With robotic actuators unable to operate to extremely high precision at the JWST’s cryogenic temperatures, and no human technicians available to change the position of its optical fibres manually, Mather and his colleagues needed a different solution. In fact, they needed a solution that didn’t involve optical fibres at all, since “there are no optical fibres that would cover the whole range of wavelengths that we want to cover”, he explains.

The NIRSpec team’s answer is an ingenious one. The instrument’s focal plane is divided into four quadrants, each about the size of a postage stamp and filled with 62,000 microshutters. Each microshutter measures just 100 × 200 μm and is made from silicon nitride, which has a high tensile strength and is tough enough for the shutters to open and close many times without fatiguing. During each observation, the shutters that need to open will receive an electrical signal from a magnetic arm that sweeps over the quadrants. This system will allow the JWST to study the spectra of thousands of the most distant galaxies during its mission, learning about their chemistry, star-formation rates, redshifts and more. “There’s a couple of hundred scientific proposals that we’re going to do in the first year,” says Feinberg, “and each one is at a level where they could justify a whole mission in themselves.”

While there are many comparisons between Hubble and the JWST, there are also many differences. Not least of these is where the telescope operates from. When Hubble’s 2.4 m primary mirror had been ground to incorrect specifications – unknown to engineers at the time – it resulted in spherical aberration.
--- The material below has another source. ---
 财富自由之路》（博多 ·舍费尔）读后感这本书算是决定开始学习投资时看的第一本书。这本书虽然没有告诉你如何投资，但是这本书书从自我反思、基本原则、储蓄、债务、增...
NASA astronauts then conducted a daring space walk in 1993 where they successfully installed a new instrument to give Hubble a new pair of eyes. Hubble is in Earth orbit, which is not the case for the JWST’s position at L2 – much too far for astronauts to reach it on a servicing mission. 

While there are many unknowns about how long the JWST will operate for, if all goes to plan during unpacking in the coming months and subsequent operations, then at least from a cooling perspective, the JWST should be fit to see out the coming decade. It will then be able to operate alongside many other ground- and space-based instruments that are scheduled to come online in the mid- to late-2020s – just as Hubble had done in previous decades with other observatories. Astronomers may have waited decades for the telescope to be realized, but once it begins transforming our view of the universe, it promises to be worth the wait.